[DATA UNDER STUDY Boundary: Start]

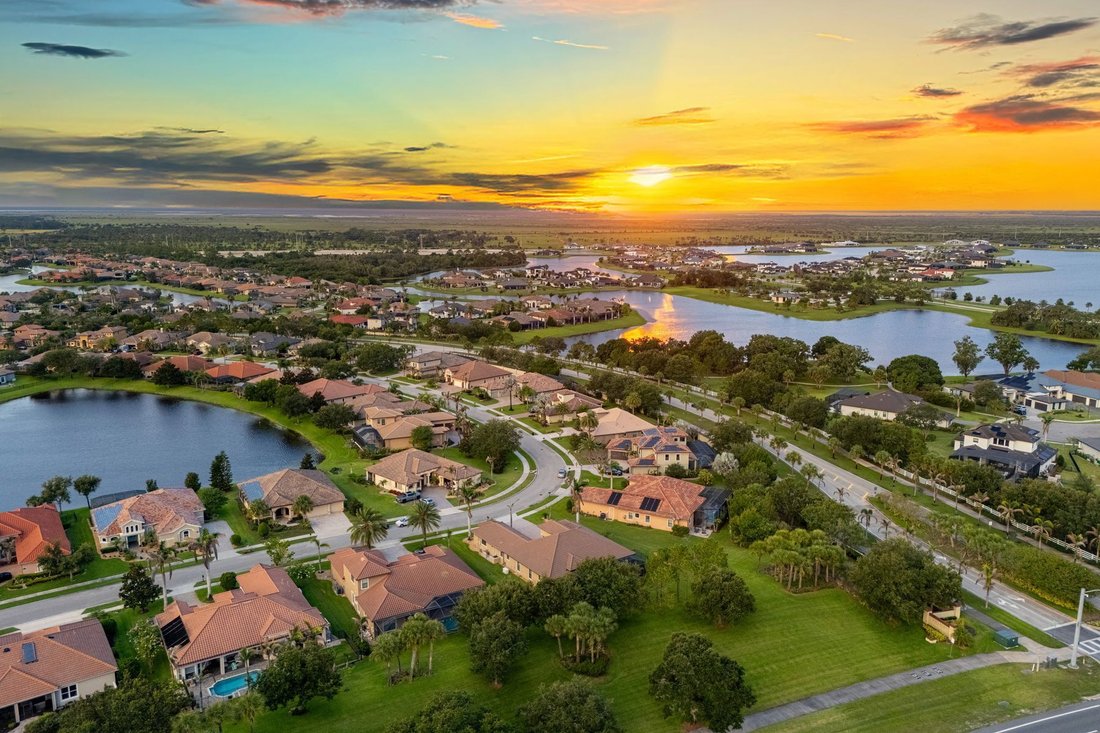 House in Rockledge, Florida, United States 4 - 18297872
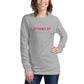 501 Longsleeve Damen - in 4 Farben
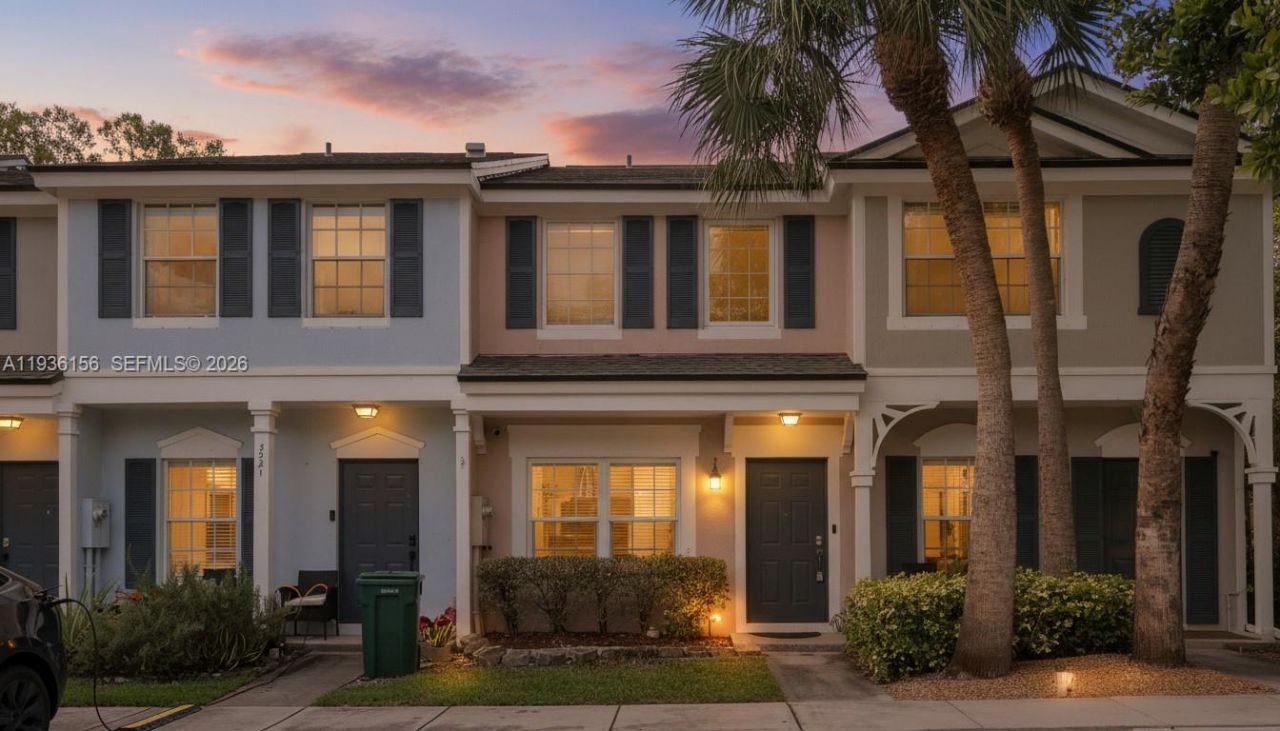 3325 Cabaret Ln, Margate, FL 33063 Photo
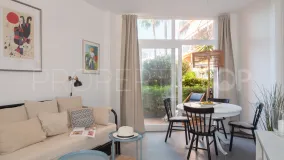 Apartamento con 1 dormitorio en venta en Cala Mayor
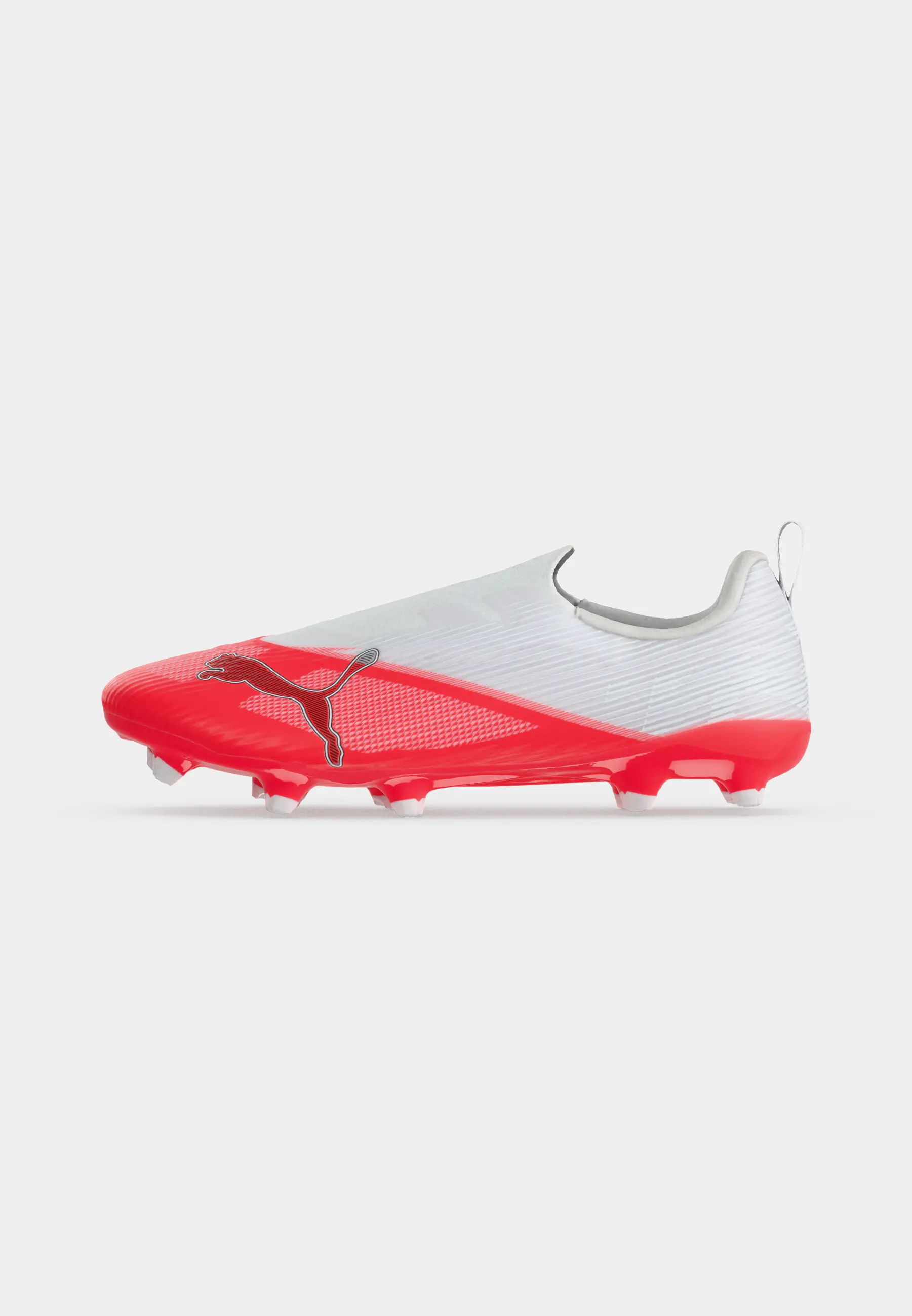 ULTRA 7 MATCH LACELESS FG/AG JR UNISEX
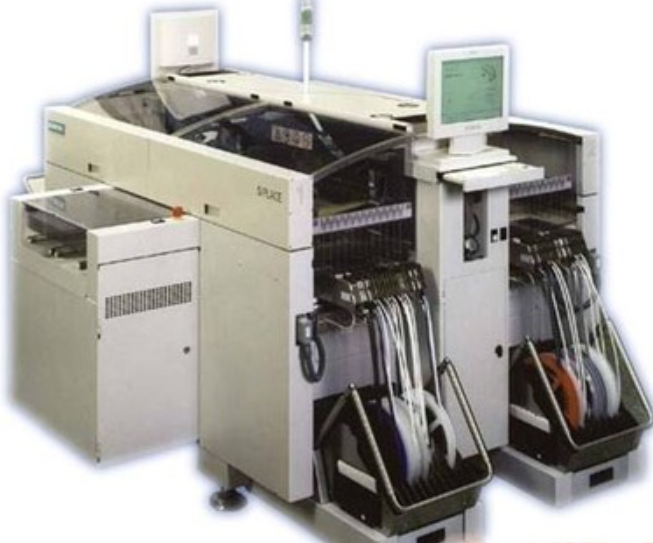 西門(mén)子貼片機(jī)HS50,siplace HS50高速貼片機(jī)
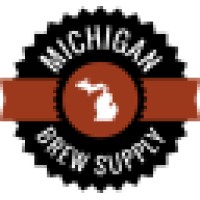 Michigan Brew Supply Logo
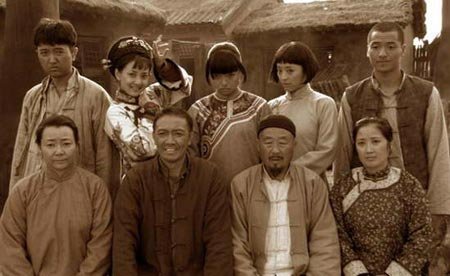 《闯关东》大结局传武死了吗，谁杀的？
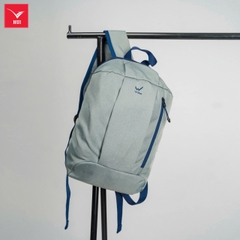 Balo Wika Easygo thể thao chính hãng, thiết kế với 3 Ngăn chứa rộng rãi, vải dù thoáng khí, siêu nhẹ, tiện lợi.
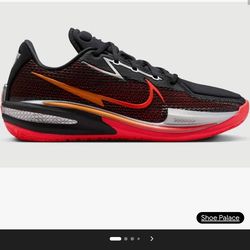 Nike Zoom GT Cut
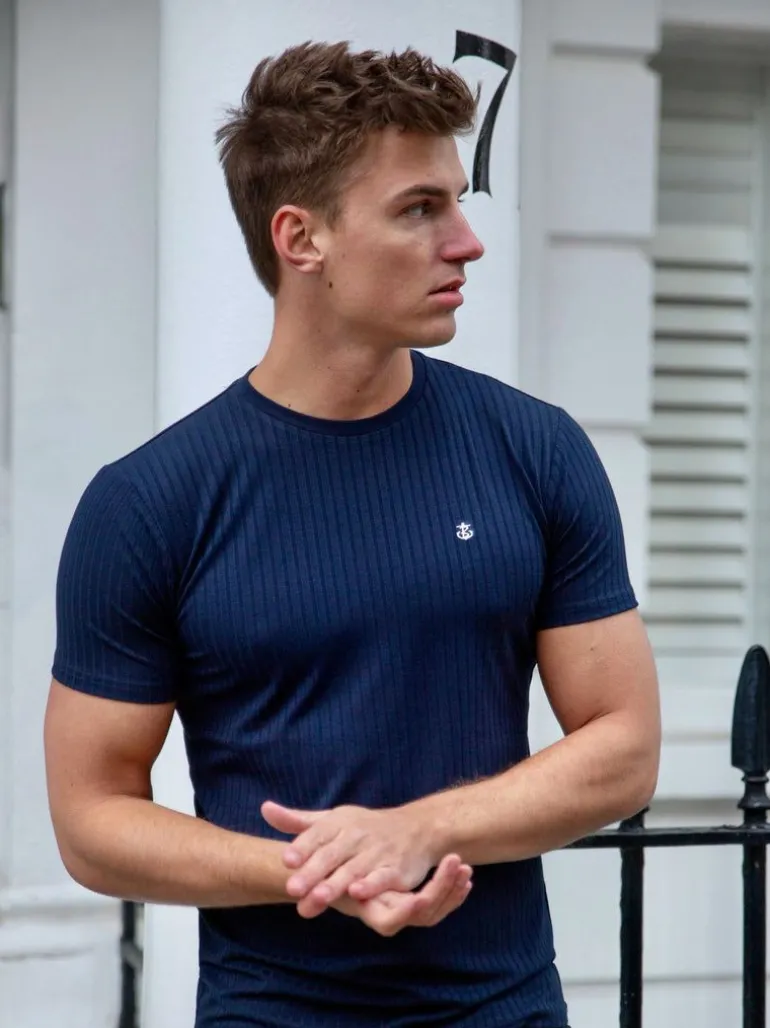 Blakely Clothing Salford Slim T-Shirt Flash Sale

[DATA UNDER STUDY Boundary: End]

TASK DESCRIPTION: Pictures are to be excluded; the records themselves are to be reproduced exactly.

RESPONSE TO THIS TASK:
 House in Rockledge, Florida, United States 4 - 18297872
 501 Longsleeve Damen - in 4 Farben
 3325 Cabaret Ln, Margate, FL 33063 Photo
 Apartamento con 1 dormitorio en venta en Cala Mayor
 ULTRA 7 MATCH LACELESS FG/AG JR UNISEX
 西門(mén)子貼片機(jī)HS50,siplace HS50高速貼片機(jī)
 Michigan Brew Supply Logo
 《闯关东》大结局传武死了吗，谁杀的？
 Balo Wika Easygo thể thao chính hãng, thiết kế với 3 Ngăn chứa rộng rãi, vải dù thoáng khí, siêu nhẹ, tiện lợi.
 Nike Zoom GT Cut
 Blakely Clothing Salford Slim T-Shirt Flash Sale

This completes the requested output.